A cotton cloth, twisted, served as a wick. Father put up a milk house, and, in March, commenced to make butter, and in April, to make cheese.

Brother Thomas and I took up claims adjoining, and we milked the cows, morning and evening, for our board. We built a log house of one room on our claim. We made it a live-cornered house, the fifth corner being for the fireplace. In May we dug two troughs and started a tan yard, on a small scale. We used the troughs for vats, and alder and hemlock bark, for tanning purposes. 

We dried the bark and pounded it fine. We burned oyster and clam shell and used the lime to take the hair off the skins. We made sole leather out of beef hides, and for the upper leather we used deer and cougar hides. By the first of November we had our leather ready to make shoes. We brought a kit of shoemakers' tools with us and father and I made the shoes. 

We brought with us a number of lasts of different sizes. For sewing we put a number of strands of shoe thread together-the length we wanted-and we twisted and waxed this string, tapered the ends and put a hog bristle on each end for needles. It was a nice piece of work to put the bristles on so they would stay. This we could do to perfection. If they came off they could not be put on again.

We made our shoe pegs of maple and dog wood, well seasoned, sawed the length and size we wanted the pegs to be. We split off slabs the thickness to make square pegs, and shaved the slabs to make the pegs sharp at one end. We used a stick with a notch against which we held the slabs and sharpened first one side and then the other. A strip of leather with a slit in it was fastened to the shoe board. 

We took two or three of the sharpened slabs and held them with the left hand against the leather which served as a lever for the knife, and, with the point of the knife, held to place by running it in the slit in the leather, we split off the pegs.

The crop we put in on Cowlitz Prairie turned out well, and we hauled it over early in the Fall, or enough of it to plant and to keep us until we grew our first crop on Chambers' Prairie.

The winters of 1845-6 and 1846-7 were very mild and pleasant. We made rails to fence in land to protect our crops. We raised plenty of wheat, potatoes, peas and other vegetables. We had. wheat coffee, and pea coffee, and we could always change from one to the other. Boiled wheat and milk made an extra dish for supper.

Father and mother were highly pleased with this country and they thought there was no place like it; fat beef off the, range in February, and plenty of oysters and clams for the digging. One beef would give us sixty pounds of tallow, and in those days tallow was an important item.

That same spring of 1848, we built the log barn which stood over half a century and finally had to be burned on account of its being unsafe for the stock. It was built similar to those already described, except that this barn had five apartments, two for hay and grain, one for stalls, one for wagons, and one for threshing. 

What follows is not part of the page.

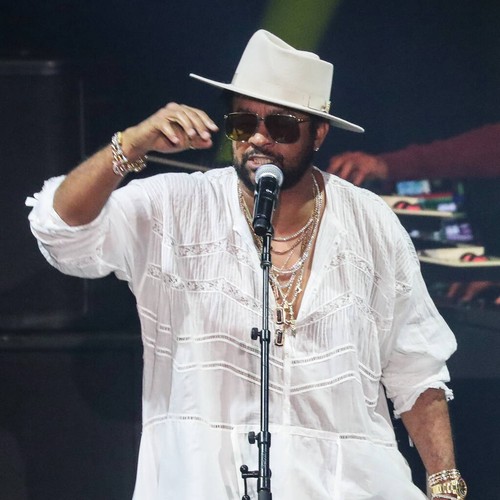 Shaggy warns fans online fraudster wasn't him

It was a long, narrow barn, and all under one roof. The clapboards were put on with wrought nails from England., the sheeting was of logs, put on the right distance apart to use four-foot boards.

Thomas and I had been looking forward and calculating to return to Missouri in two years to See our girls that we had left behind us.  In 1848 mother received a letter from our old home, telling about what had taken place since we left and among the news was the marriage of a certain young lady, and this had the effect of making me contented to remain on Puget Sound.

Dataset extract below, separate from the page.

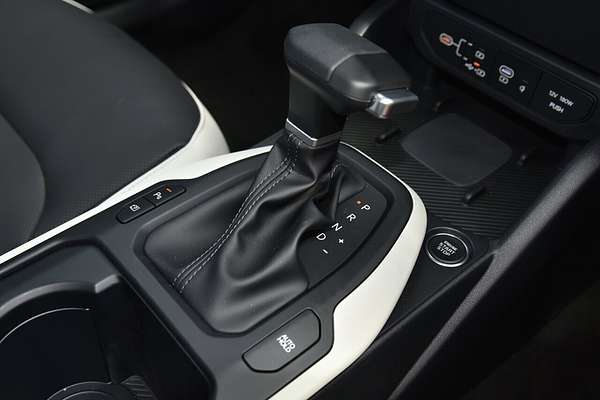 2025 Kia K4 GT-Line CL4m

This was a sensible decision, for, during the winter of 1847, Indians broke out and massacred Dr. and Mrs. Whitman and many others at the Mission, near Walla Walla. The people of Oregon raised a company of Volunteers to subdue the Cayuse tribe, the only hostiles. They succeeded in bringing the leaders to justice. 

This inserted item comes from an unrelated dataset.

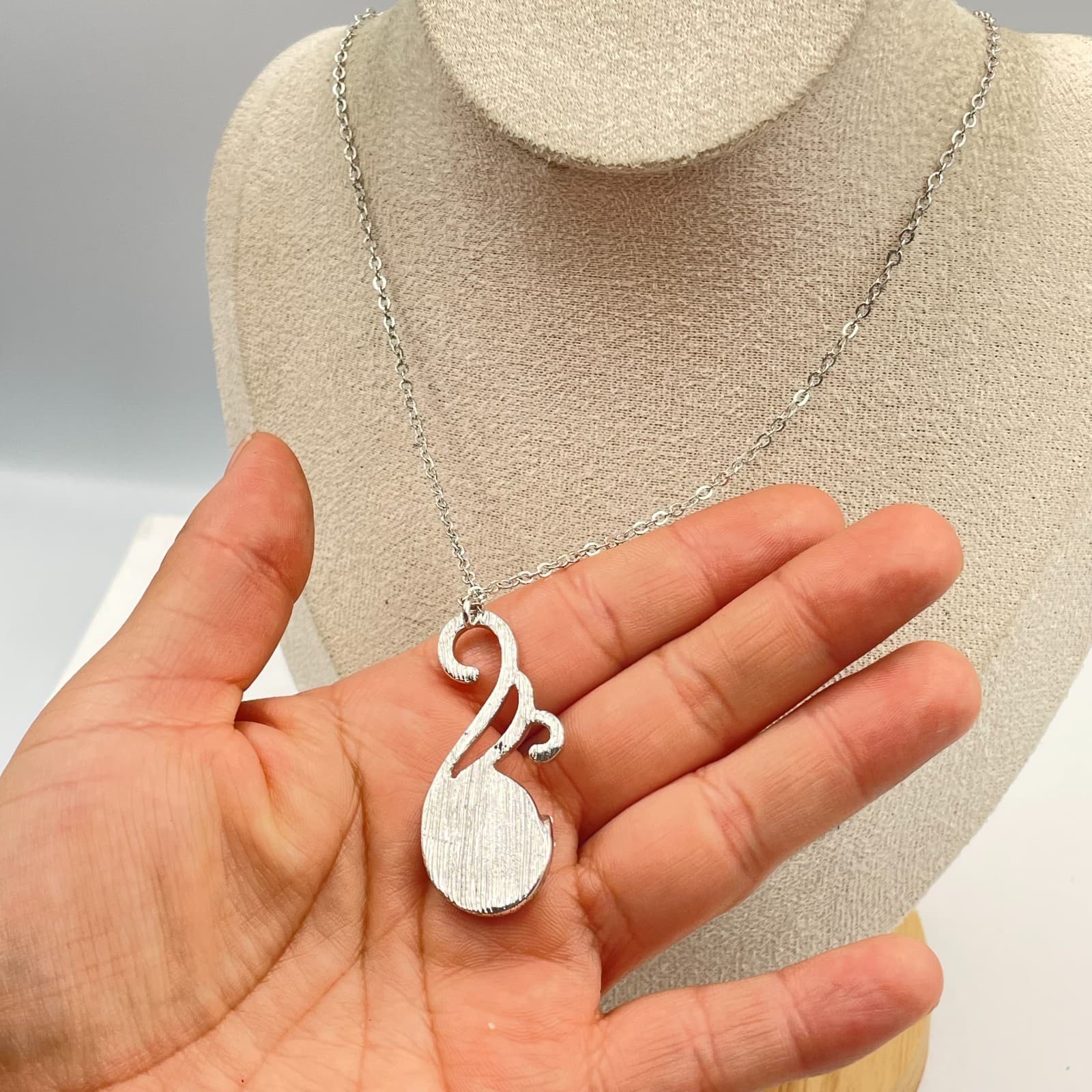 Vintage Silver Tone Turquoise Cabochon Scroll Pendant Necklace Blue Stone - Thumbnail 5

We, on Puget Sound, did not know about the trouble until it was all settled. The Indians here were friendly and they were glad to have the Bostons-as they called the Americans-come. About this time gold was discovered in California, and Thomas and I got the fever to go, as Brother James was there.

Mrs. George Blankenship, "Andrew Chambers on Puget Sound," Early History of Thurston County, Washington. Olympia, Washington: n. p., 1914. p. 158-163.